Over the past few decades, single-photon detection technology has rapidly developed. Single-photon avalanche diode (SPAD) detectors operating in Geiger mode have advantages such as high sensitivity, fast response speed, and strong capability for single-photon detection. As a result, they have been widely used in optical sensing fields such as quantum communication, lidar, and fluorescence lifetime imaging. SPAD arrays compatible with CMOS technology have gained significant attention due to their high integration and miniaturization. In laser radar applications, SPADs are employed to receive returning photons. However, optical signals are susceptible to environmental factors like dust and weather conditions. The received light intensity might be at the single-photon level, and high dark count noise can degrade device performance. Considering the potential harm of short-wavelength lasers to human eyes, the design of SPAD devices with low dark counts and high photon detection probabilities has become a hot research direction.

The SPAD (Fig. 1) employs a P-I-N diode structure, with the avalanche region located between the P-type drift region and the high-voltage N⁺ buried layer. The P epitaxial layer serves as the intrinsic region, with P-trap guard rings and virtual guard rings surrounding the P-doped region to mitigate the impact of shallow trench isolation on dark count rates (DCR). The proposed SPAD devices with GRW of 3, 4, 5 μm are simulated based on 0.18 μm BCD technology to study the impact of GRW on device performance [Fig. 2(a)]. Simulation results show that the device can only work normally at GRW of 5 μm without a large edge electric field, and it will also cause the dark count to decrease. Figure 2(c) illustrates the 2D electric field distributions when STI extends into PW. Changing STI appropriately can hardly improve the electric field strength.

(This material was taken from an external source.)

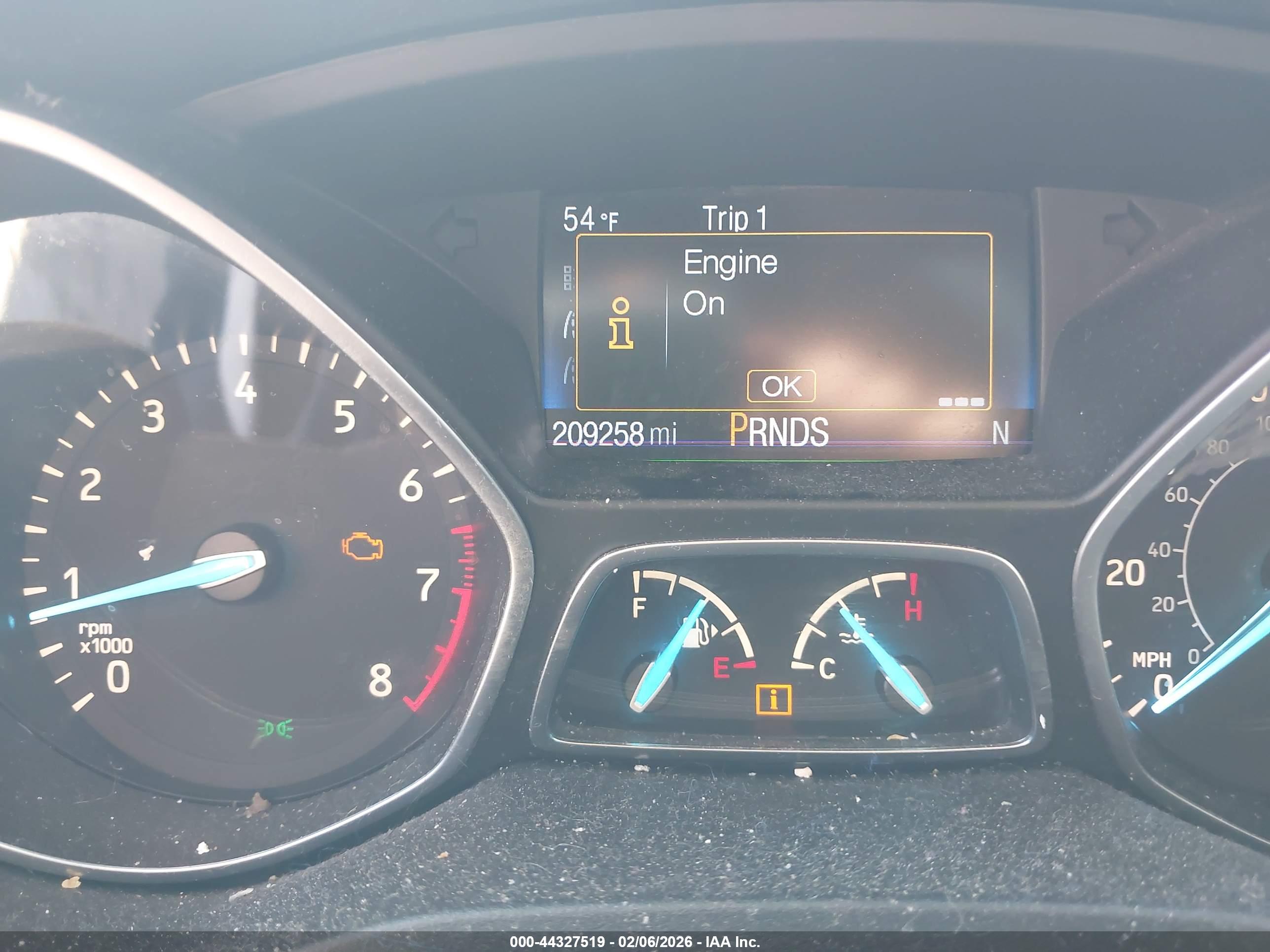 FORD ESCAPE image 7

The I-Vcharacteristic of the SPAD is firstly measured which exhibits avalanche breakdown voltage at around 56 V [Fig. 3(c)], showing no difference to the TCAD simulation results (Fig. 2). DCR measurement results [Fig. 4(a)] show that the variation of DCR with V_ex is not obvious and this value is more dependent on temperature changes. the data demonstrates excellent performance of 0.56 s^-1·μm^-2 at 23 ℃and 5 V excess bias voltage. The PDP measurements (Fig. 5) show that the peak PDP reaches 41.5% (600 nm) at V_ex=5 V. Moreover, due to the wide depletion layer, there is a higher response sensitivity for near-infrared photons (780-940 nm) and PDP at 905 nm is more than 6%.

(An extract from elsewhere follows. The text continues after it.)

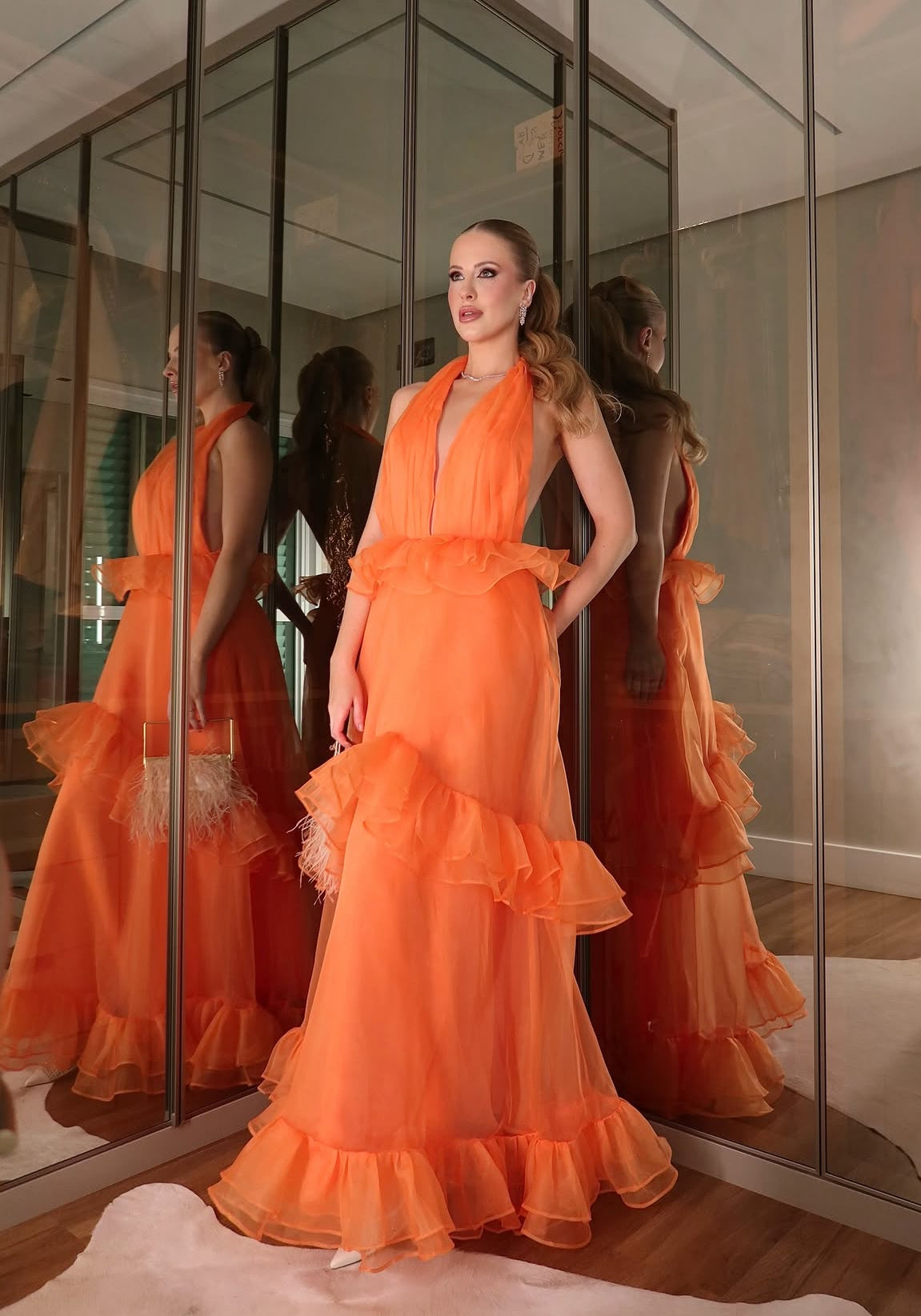 Robe de soirée fourreau noire sexy longue avec fente J8826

We propose an additional P-type injection enhanced P-I-N structure SPAD based on the SMIC 180 nm BCD process. The test results show that at V_ex=5 V, the PDP peak of the SPAD reaches 41.5%, and the near-infrared PDP at the 905 nm wavelength is larger than 6%. At room temperature, it achieves a median DCR of 0.56 s^-1·μm^-2 and a very low afterpulsing probability <1.2% when quenched passively with a dead time of 14 μs.